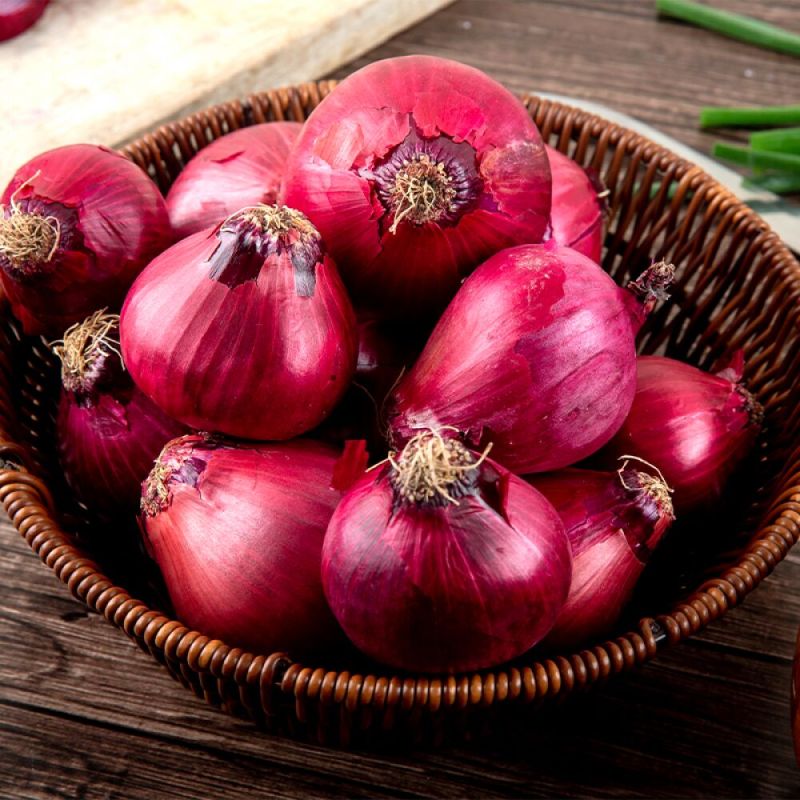 Fresh Red Onion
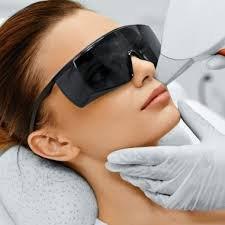 LightSheer Diode Laser Hair Removal on all facial areas including lip, chin, cheeks, sideburns, ears, neck or hairline.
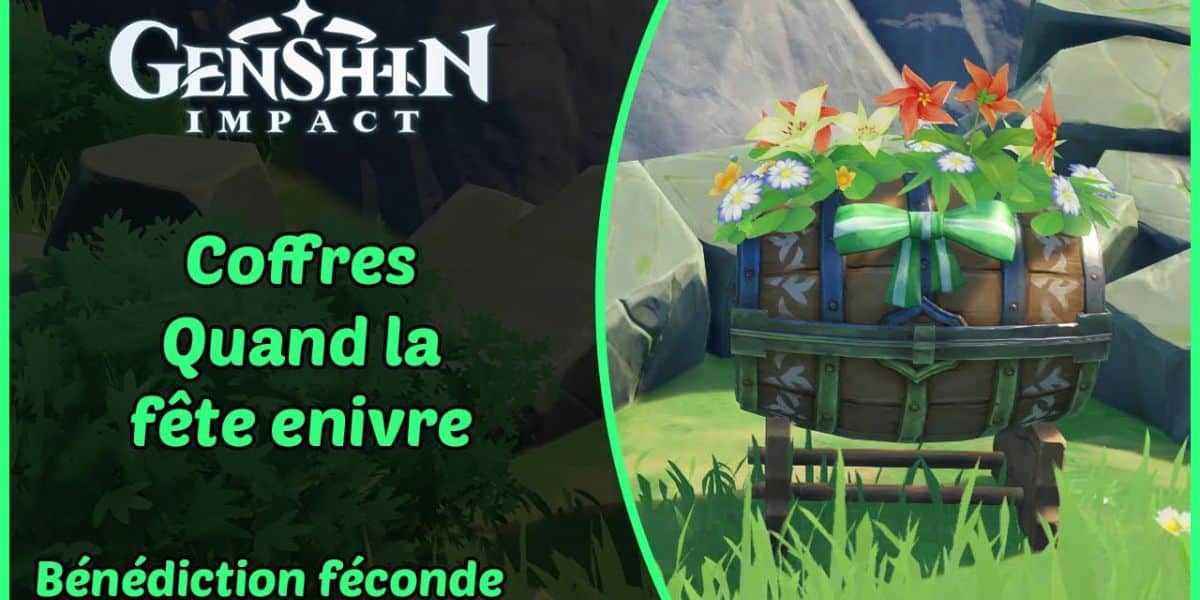 la fête enivre Genshin Impact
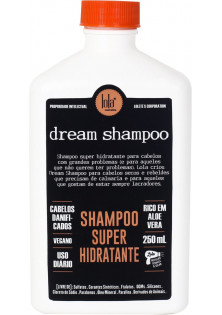Купити Lola Cosmetics Зволожуючий шампунь для сухого та неслухняного волосся Dream Shampoo вигідна ціна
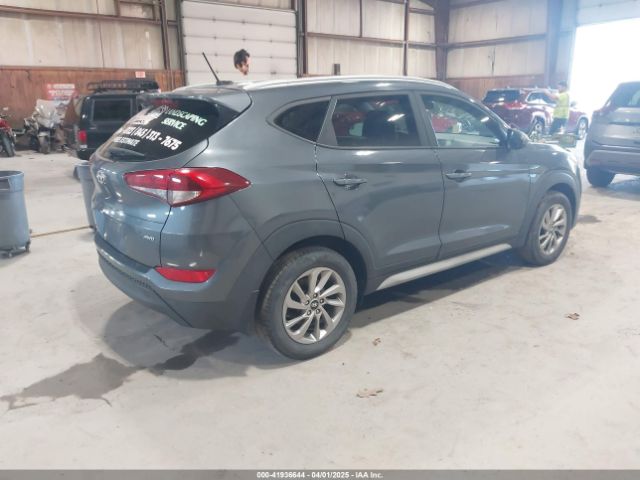 KM8J3CA41HU506158 Hyundai TUCSON SE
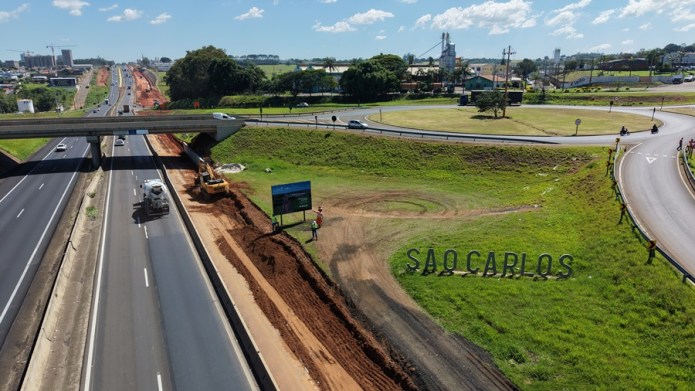 Rodovia Washington Luís SP-310 terá obras e interdições em São Carlos entre 19 e 25 de outubro de 2026. Rodovia Washington Luís SP-310 terá obras e interdições em São Carlos entre 19 e 25 de outubro de 2026.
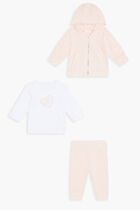 Monogram Jacquard Cotton Tracksuit Set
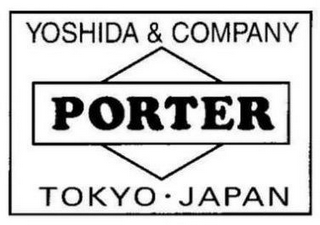 YOSHIDA & COMPANY PORTER TOKYO · JAPAN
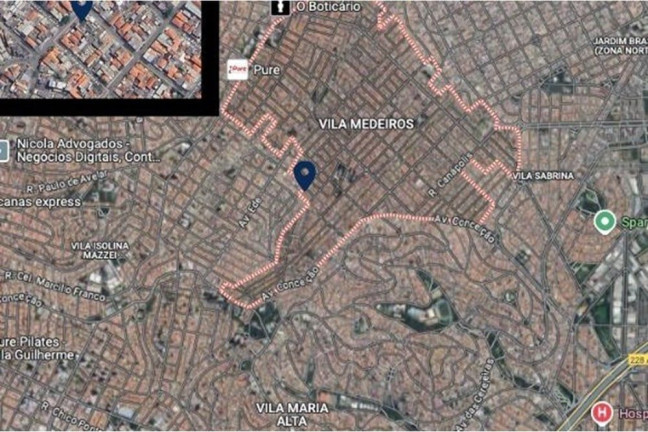 Imagem Terreno à Venda, 160 m² em Vila Medeiros - São Paulo Imagem Terreno à Venda, 160 m² em Vila Medeiros - São Paulo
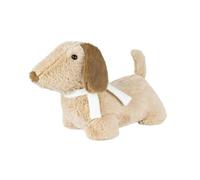 Furn Samson Faux Fur Dog Door Stopper - Natural - Natural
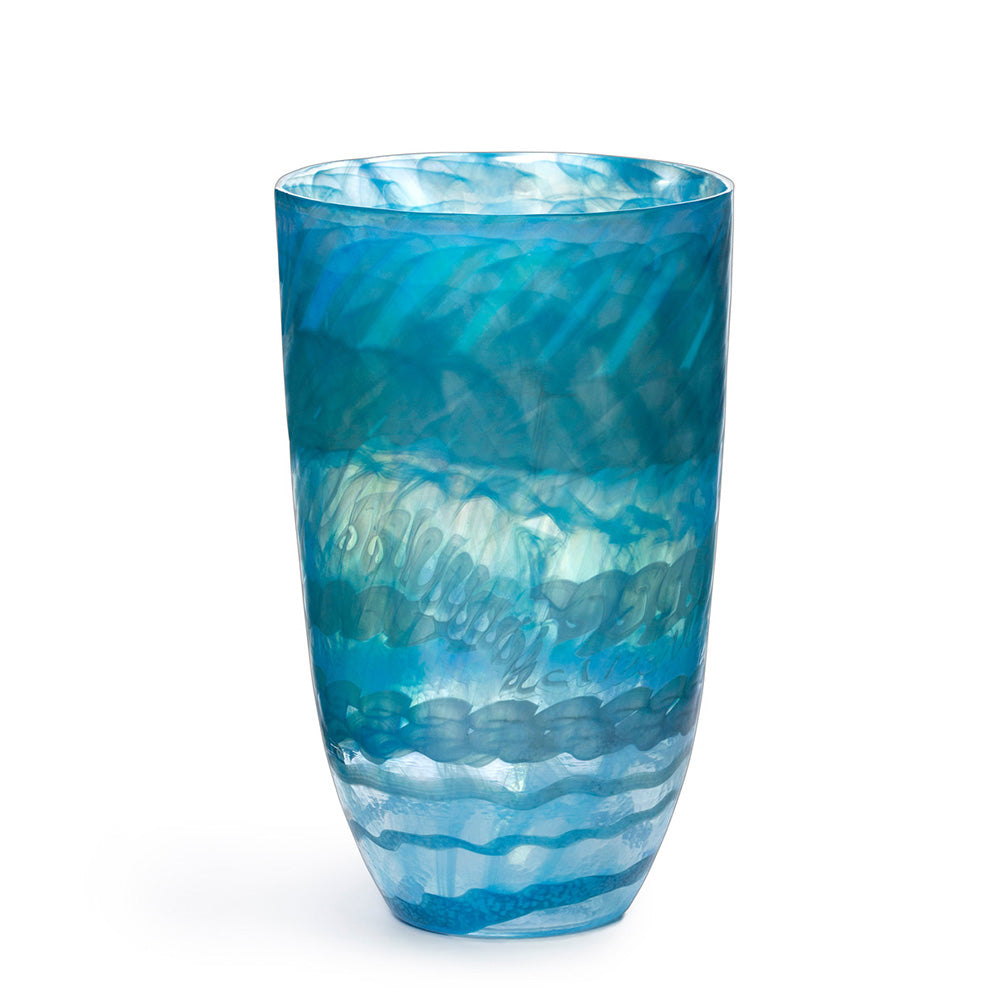Salerno Murano Glass Vase Decor Farmhouse Designs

### WHAT TO WORK ON
Leave out the pictures. Transcribe only the lines above, from the first through the one that contains "KM8J3CA41HU506158 Hyundai TUCSON SE".

### TASK RESULT
 Fresh Red Onion
 LightSheer Diode Laser Hair Removal on all facial areas including lip, chin, cheeks, sideburns, ears, neck or hairline.
 la fête enivre Genshin Impact
Купити Lola Cosmetics Зволожуючий шампунь для сухого та неслухняного волосся Dream Shampoo вигідна ціна
 KM8J3CA41HU506158 Hyundai TUCSON SE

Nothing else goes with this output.